Friday, January 25, 2013

These days...

These days, things are different. Period. Things are changing, for the worse. By things, I mean- people in charge  to how much groceries cost. As I sit and think about my little men, living in this crazy world, I can't help but to ponder on how much different the US will be for them. Starting out - just getting married, and starting a family, how much worse could it be? All I can do is pray we will all be celebrating our lives with the ones we love most, and the ones we have missed- with The Lord.

On that subject, we cry and mourn the loss of loved ones, but aren't you happy they aren't here on Earth dealing with the harshness of the world? I know I am. I am beyond ready to see my sweet Momma again, I am happy she isn't dealing with the 2% tax increase EVERYONE received on their salary, that probably wasn't increased from the past few years... Or that her health care isn't trying to be taken over by the government. I rejoice knowing she was never terminally ill, fighting for her life, or ever had to suffer.

Then, on a lighter note, I have had quite a few encounters, with strangers, on Aaden's behavior. If I can try to make this clear, and not sound judgmental, I hope to save other mom's, like myself, the heart ache. I'll share one of the stories...

Many of the people who follow my blog know what we go through with Aaden. So I won't back track. For the past 2 weeks, he has been 100% medicine free. Which means the whole universe to me. Now, don't get me wrong. He is a lot to handle off the meds, but he was still upset, and angry while taking them, so why put those chemicals into this body??  Now, his 'tantrams', as they are addressed now days, have a longer duration, are a lot stronger, and it is almost impossible to calm him down.

While I was in Target, Aaden started screaming, because yes, he is spoiled, and he wanted a toy,  he was told no. On the next aisle, I heard a couple talking, amongst themselves, about how, when they decide to have children, they hope their child doesn't scream, like Aaden. Well much to their surprise, and to mine. And probably against my better judgement - my southern gal personality came out. I walked to the aisle, A screaming behind me, and told them. "You're right, I pray no child has to suffer from a disorder like my child has. But I do hope you teach your children better manners, than what you have." I can honestly say, I have no idea if they responded. My blood pressure was up so high, I had too much steam coming out my ears to hear anything. Then, I cried. I found myself on an aisle that wasn't busy, and I just sat there crying, with Aaden, who was also, still crying...

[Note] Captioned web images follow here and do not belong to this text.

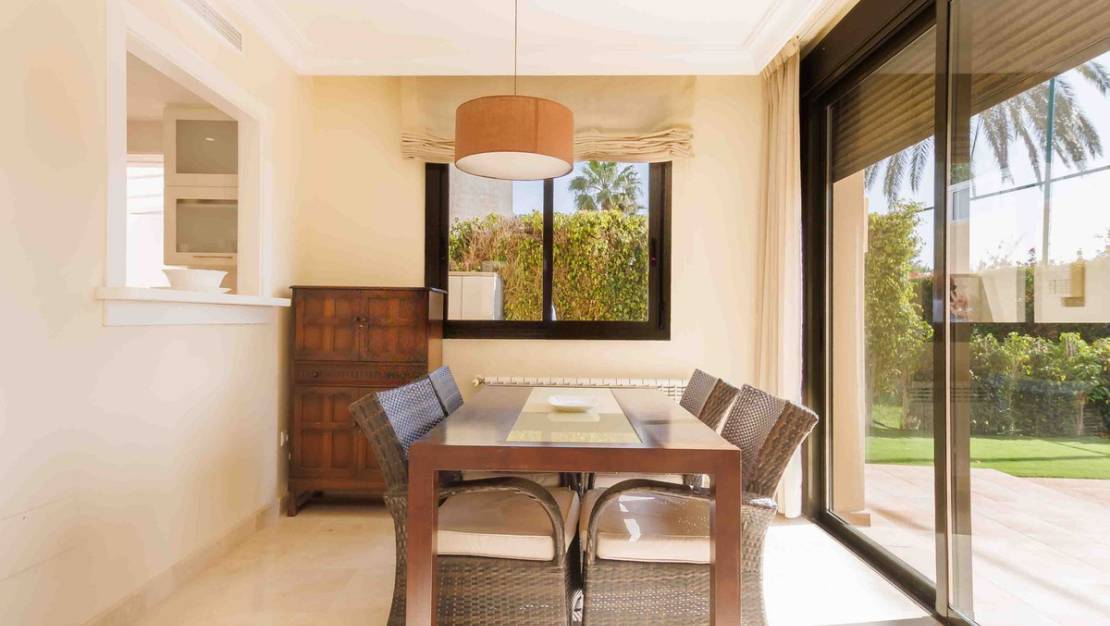 Venta - Chalet - San Javier - Roda Golf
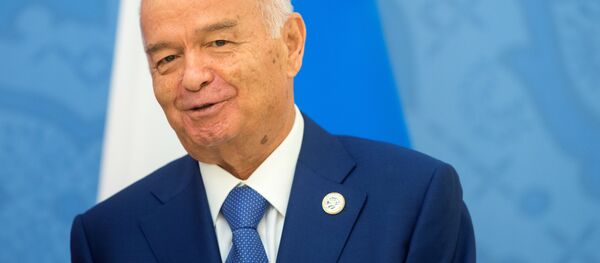 Ўзбекистон Республикаси Президенти Ислом Каримов - Sputnik Ўзбекистон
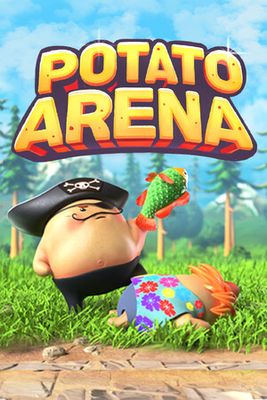 Potato Arena game cover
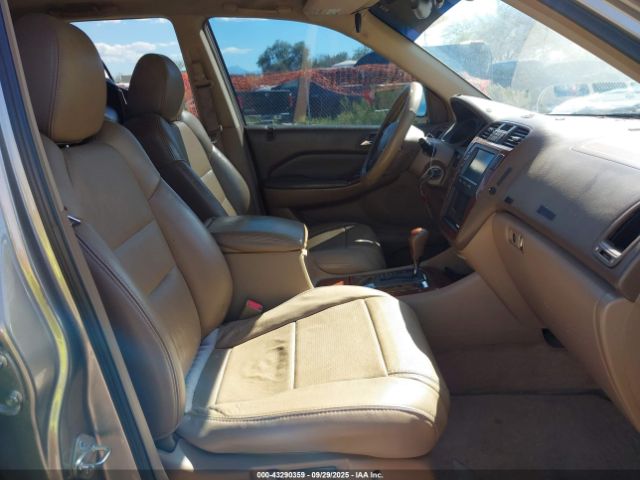 2005 ACURA MDX 2HNYD18655H522402 Photo 4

Now, this broke me today. I have decided, not to let these people steal my joy- they are not worth it. When Aaden is happy, he is amazingly happy, and lights up my whole day. I rejoice in those moments, I feel in moments when he is the worlds happiest child, maybe his head isn't hurting, maybe his heart isn't aching for fulfillment over something he doesn't know how to control, or communicate to me.

Recently, a blog of a good friend to my cousin was shared, Growing a Violet . I urge you to read this. I know I have reacted this way, in a non harmful sense. This is just a small reminder of, you never know what someone else is going thru until you walk a mile in their shoes. I know I have said this before.  But it is a statement I, personally, think about often.

To rejoice, in some good news. Per my previous blog, Aaden's evaluation... it was determined, by the group of people, who did the eval., that Aaden would not qualify for services, because he does have the ability to learn. Which is something everyone already knew. His evaluation made it to the school he would be attending, and there, was read by the school's psychologist, one of the preschool special ed teachers and vice principal. As necessary, per state guidelines, I had to attend a meeting, with them. Just to go over the 12 page report from the evaluation. I was expecting to be told blah blah blah, he doesn't qualify. I was wrong. The psychologist pulled my interview questions, from the first time I spoke to the program. She said on paper, just from the eval, Aaden looked like he was an above average child, and she was curious why 'mom' requested help. I am so happy she did. She said she felt a huge gap between what I said, and what the evaluation, of 4 hours determined. After she read what I said, and looked back at the eval, she saw the troubles, he wasn't able to complete any of the assessments, such as a speech pathology report, or an IQ test. <these were all very age appropriate, he just wasn't interested> Now, I have a list of things to get ready for the school, but they didn't just give up on Aaden. They want to help me. They don't want to push meds down this throat. THEY WANT TO HELP US!!!! Someone, who finally understands, a group of adults, who are ready and waiting to help. FINALLY!!!!!! There were a lot of things I can share from the meeting, but honestly, they wouldn't make sense to many people, but made perfect sense to me. That is what the problem is with Aaden, none of his issues are a 'textbook diagnosis' as most developmental differences. And he doesn't need a label. We just need help, and we are finally getting it. PRAISE. THE. LORD.

One thing they would like to have is an EEG. Just to be sure we aren't dealing with a seizure disorder, etc.

I know this post started out dark, and on a different subject, but my little heart has been all over the place today, so I figured, yours did too ;) you're welcome.

Please continue to pray for my family. It is very much needed, and appreciated.